Robert Allen, former Grand Master of the State Grand Lodge, founded the program in 2002. The concept was to take in donations of used equipment, repair them if needed and make them available at no cost. He learned quickly that insurance did not cover all medical equipment and used equipment was in high demand.

“We thought it was the right thing to do,” Allen said in an Aug. 5, 2021 Warwick Beacon interview. “A lot of people couldn’t afford it, and they should live with dignity,”

Now 90 years old, Allen still frequents the Friday collection and distribution events, even though he wasn’t present last Friday. The Grand Lodge is carrying forward Allen’s dream with an active group of seven or eight Masons taking in and sorting donations and then helping those looking for the equipment they need.

It’s hard to identify any one piece of equipment as being in consistent demand. One week there will be a selection of more than a dozen canes displayed on the interior wall of the garage and the next  there will be only a couple. At the moment there appears to be a rush on shower seats and benches.

A few limits

Initially the center welcomed motorized wheel chairs and stair lifts, but found after making minor repairs they would be returned for being non-functional. They no longer accept them.

“We don’t have the people with the knowledge. Somethings are best left to the professionals,” Donahue said.

Donahue’s involvement with the center evolved over time. When friends and neighbors learned he is a Mason they would drop off equipment at his home to bring to the center. Soon he realized he might as well have people visit him at the center. In 2016 Allen asked Donahue if he could fill in for him while he underwent a knee replacement, a role Donahue has filled ever since.

A retired licensed electrician, Donahue, now approaching his 80’s, is affable, seemingly unflappable and anxious to be of help. He welcomes the attention a news story will mean in increased donations of equipment and people the center will serve. He loves how the center is there to serve everyone with no questions asked or payment required.

“You want it, you got it.”

“It’s available to anyone and everyone,” he said. “You want it and you’ve got it,” he said.

“Sometimes people slip us a ten or twenty for coffee. We don’t do that,” he said. If people are serious about making donations, he asks that they be directed to the Masonic Grand Lodge based in East Providence.

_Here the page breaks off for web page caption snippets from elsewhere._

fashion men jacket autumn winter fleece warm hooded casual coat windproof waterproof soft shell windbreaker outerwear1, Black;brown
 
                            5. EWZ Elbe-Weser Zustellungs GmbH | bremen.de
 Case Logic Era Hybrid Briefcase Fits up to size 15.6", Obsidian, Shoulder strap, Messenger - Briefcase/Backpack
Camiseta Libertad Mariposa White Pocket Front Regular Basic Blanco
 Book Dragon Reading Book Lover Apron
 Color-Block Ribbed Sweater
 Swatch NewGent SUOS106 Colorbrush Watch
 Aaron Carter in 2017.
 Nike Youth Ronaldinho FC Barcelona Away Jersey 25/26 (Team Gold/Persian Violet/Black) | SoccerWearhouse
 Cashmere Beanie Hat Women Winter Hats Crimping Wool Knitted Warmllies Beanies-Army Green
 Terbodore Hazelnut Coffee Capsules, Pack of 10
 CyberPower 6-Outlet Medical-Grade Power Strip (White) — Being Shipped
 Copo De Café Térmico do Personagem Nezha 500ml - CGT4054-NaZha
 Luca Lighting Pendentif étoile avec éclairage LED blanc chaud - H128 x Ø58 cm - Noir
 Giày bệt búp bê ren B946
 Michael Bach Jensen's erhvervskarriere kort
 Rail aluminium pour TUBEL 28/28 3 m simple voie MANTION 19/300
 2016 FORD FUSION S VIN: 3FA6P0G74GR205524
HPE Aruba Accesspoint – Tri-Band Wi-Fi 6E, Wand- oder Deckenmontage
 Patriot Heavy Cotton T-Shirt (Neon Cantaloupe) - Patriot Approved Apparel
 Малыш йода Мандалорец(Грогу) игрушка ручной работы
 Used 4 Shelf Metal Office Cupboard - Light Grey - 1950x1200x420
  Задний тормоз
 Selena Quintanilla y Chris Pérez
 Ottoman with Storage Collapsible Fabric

“It’s a low key type of operation,” Donahue says when asked if records of what comes in and goes out the door are kept. The answer is no. There are no records either of those making donations or “borrowing” equipment. Donahue looks at transactions as more of “loans” since, as he has seen, some people return the equipment within a couple of weeks since the person for whom it was needed has passed.

“A loved has one passed away and they need to get rid of it right away,” he says. Others, he points out, wait for months and years before returning items to the center.

Donohue lists beds, which cost between $900 and $1,500 as being among the higher valued equipment at the center. The exception is ramps for getting wheelchairs in and out of houses, which can cost $10,000 and more. He notes the ramps often require special installation that is not included.

The center does not provide for pickups or deliveries, but there is plenty of help from those working the center who are easily identifiable in their Grand Lodge shirts and caps. They’re not only familiar with medical equipment, but know where to find it. They’re also there to help load it to be taken to its new home.

On occasion, however, they have drawn a line. Donahue recalls a couple who arrived in a shiny new sedan with the intention of strapping a bed on the roof. Donahue talked them out of attempting it as it would have left the car scratched. They returned with a truck.

And how long might Donahue stay in his role as center director? He’s doesn’t know.

“The guy who started it believes in it whole heartedly,” he says of Bob Allen, “I wouldn’t want to disappoint him.”

What he admires about Allen is that “it’s not simply a matter of believing in it, but doing it.”

The two and their followers keep the center operating every Friday of the year (the exceptions being Christmas and New Years Day).